Women with HIV in the UK, and the healthcare providers who support them, need to be better informed about ways to manage menopausal symptoms. Dr Hajra Okhai of University College London and colleagues reported in HIV Medicine that a low number of women are taking treatments that could ease their menopausal symptoms.
Women are underrepresented in health research, including HIV research. This is despite making up just over half of the global population of people living with HIV. In the UK, one in three women with HIV is now over the age of 50. Even less is known about transgender men, non-binary people and anyone else who has ovaries. Medical advances and access to medication mean that more people will grow older with HIV, but little is known about menopause as it relates to HIV. Moreover, guidance on managing menopause in those living with HIV has only recently been introduced.
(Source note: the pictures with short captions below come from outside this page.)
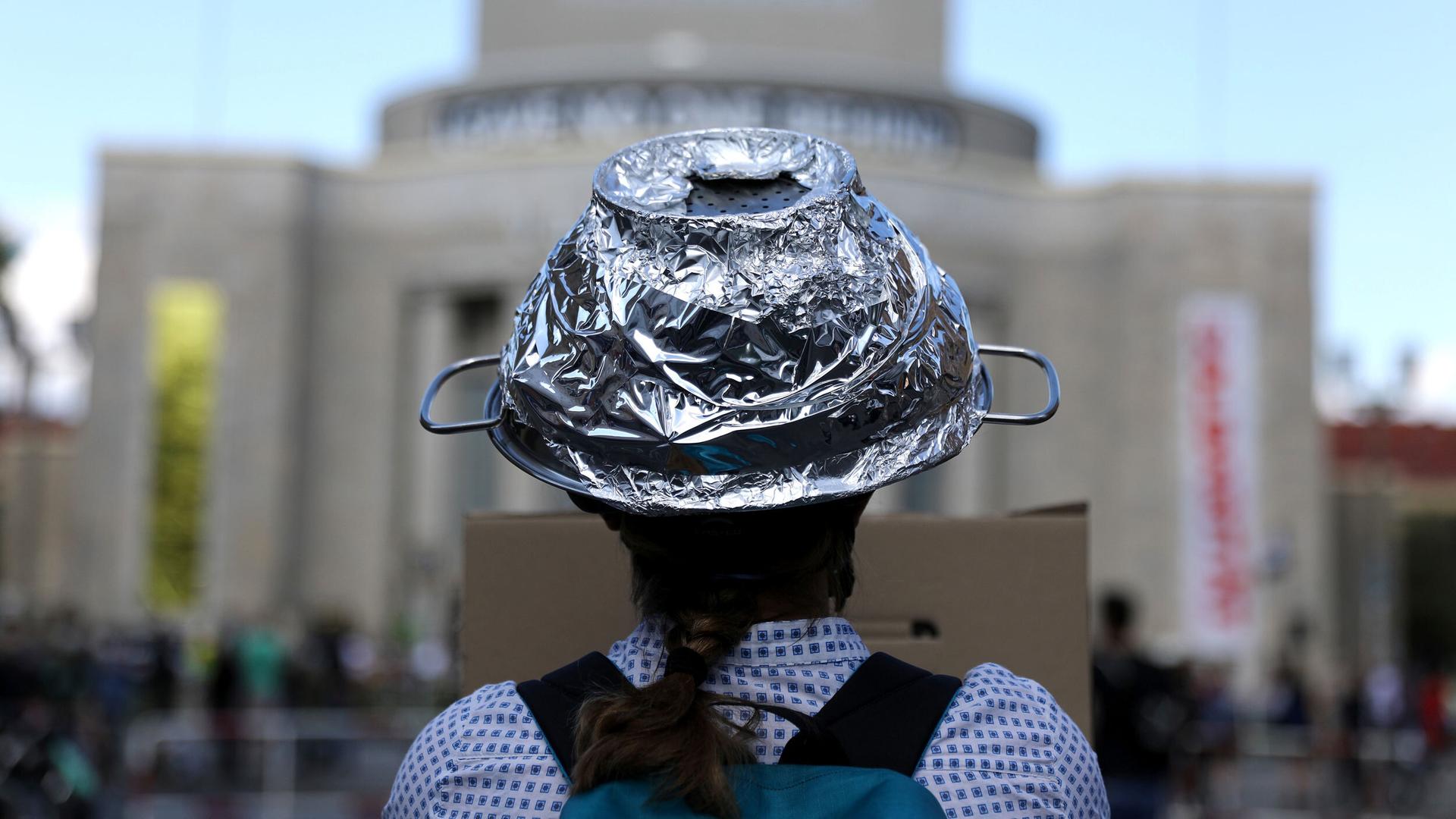 A woman is shown in a photograph from behind wearing a tin-foil hat.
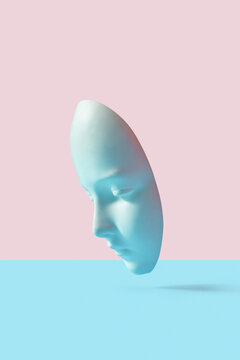 Vertically floating plaster theatrical mask.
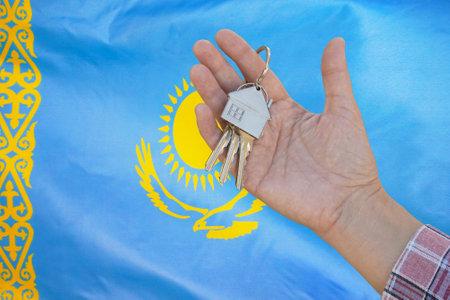 Hand shows the keys to the apartment on background of flag Kazakhstan. Keys to the apartment in a female hand on background of flag Kazakhstan. Realty concept new apartment in Kazakhstanの写真素材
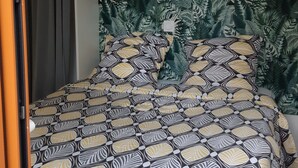 A bed with a patterned bedspread, a headboard with a leaf pattern, and a wooden shelf above the bed. - Bungalow aux Villages Sous les Pins, à 10 Minutes des Plages (LEON)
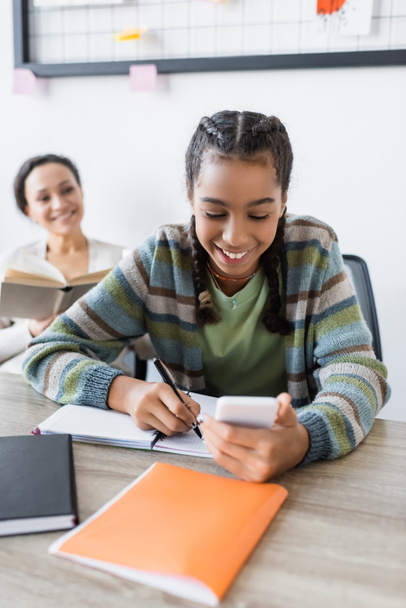 gelukkig Afrikaans amerikaans tiener meisje schrijven in notebook in de buurt van moeder met boek glimlachen op wazig achtergrond - Foto, afbeelding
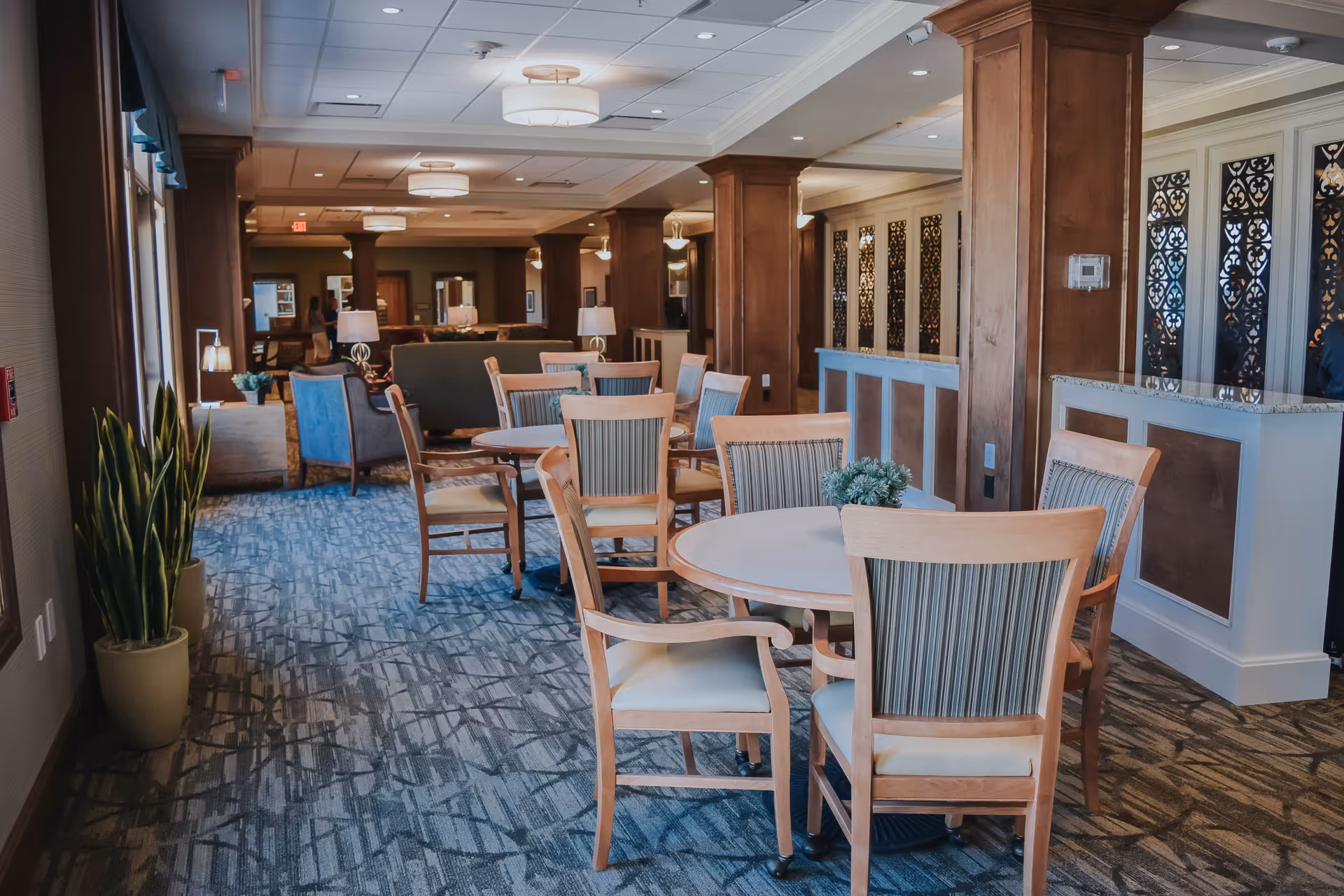 Interior view of a senior living facility common area with round tables and wooden chairs arranged on a patterned carpet. The room features wooden columns, decorative wall panels, ceiling lights, and potted plants near the windows.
Generally, menopausal symptoms begin between 45 and 55 years-old. Menopause is associated with irregular periods that eventually stop; however, it may come with other physical and psychological changes that can impact quality of life. Before periods stop completely, other symptoms may occur. This stage is referred to as perimenopause. Perimenopausal symptoms may be somatic (bodily symptoms), urogenital (symptoms affecting the vagina or vulva) or psychological. Such symptoms can have a significant impact on day-to-day activities and quality of life.
Hormone Replacement Therapy (HRT) and topical oestrogen (as creams and pessaries) treat and manage menopausal symptoms effectively. HRT replaces hormones that reduce with age. HRT is available as a tablet, patches or gel. Topical oestrogen can be used to ease vaginal symptoms such as itchiness, dryness or burning.
Menopause is defined as 12 months after a person’s last period. Menopausal symptoms can continue after periods stop.
The Positive Transitions Through the Menopause (PRIME) study focuses on HIV, menopause and women’s experiences of growing older with HIV. The study aims to find links between menopause and a number of factors among women living with HIV, including relationship status, lifestyle and socio-economic factors.
A total of 847 women with HIV were recruited to the PRIME study. Participants were recruited through 21 English NHS Trusts which provide HIV services. All participants were aged 45 to 60 years old and had been assigned female at birth.
Women who had received chemotherapy or hormonal contraception in the last six months were ineligible. In addition, those who had experienced their last period over five years ago were ineligible, as were women who had undergone surgical menopause.
Participants self-completed paper questionnaires. They were asked to share information about co-morbidities, lifestyle, and menopausal related symptoms. Researchers also reviewed their CD4 and viral load data. The participants were categorised as premenopausal (177), perimenopausal (373) or post-menopausal (297).
The average age of participants was 49 years-old. The majority of participants were Black African (72%) and the second-largest ethnic group was White (13%). The majority of participants (85%) were born outside of the UK; 5% of this group had insecure immigration status.
A quarter of women experienced their last menstrual period before the age of 51 and half experienced it after 53.
Low uptake of management options
Some women in all groups reported severe symptoms. Around a third of perimenopausal and post-menopausal women reported severe symptoms. Ten percent of premenopausal women reported severe symptoms.
Although 46% of participants with somatic symptoms had heard of HRT, only 9% had used it. Only 6% of women with vaginal problems had used topical oestrogen. This shows an unmet educational need, which is preventing women from making informed choices.
Understanding other factors which affect menopausal symptoms
Contrary to other studies, the authors could not find a link between menopausal status and CD4 count. The majority of all women, across all menopausal stages, had a high CD4 count (over 500 copies).
On the other hand, a higher number of women who were post-menopausal with a high viral load (over 100,000 copies). This is the first study to report on an association between baseline viral load and menopause.
The authors also found a link between menopausal status and relationship status. PRIME found that women in a non-cohabiting relationship were more likely to be pre-menopausal. Previous studies have shown that married women reach menopause at a later age.
The findings showed a link between employment status and menopausal status, with unemployed women more likely to be post-menopausal. The largest proportion of premenopausal women were in some form of work.
These findings may suggest the need for further research to understand menopausal symptoms within the context of women with HIV.
The authors recognise this type of study provides a snapshot into the lives of their participants and the data cannot be used to determine sequence of events and cause or effect.
As women on hormonal contraception were not eligible to take part in the study, it is unclear how this group experience menopausal symptoms. Transgender and non-binary people weren’t included in the study, so their experience of menopause is not reflected.
Women with HIV will commonly access menopausal care through primary care. A previous study revealed little confidence amongst primary care practitioners when managing menopausal symptoms in women with HIV. Practitioners must be educated so that they can understand barriers to accessing treatment and inform women with HIV of their options.
The authors “welcome the development of patient resources and support tailored to older women living with HIV, empowering them to maximise their own health and well-being as they reach midlife and beyond”.
Okhai H et al. Menopausal status, age and management among women living with HIV in the UK. HIV Medicine. 00: 1–9, 7 June 2021 (open access).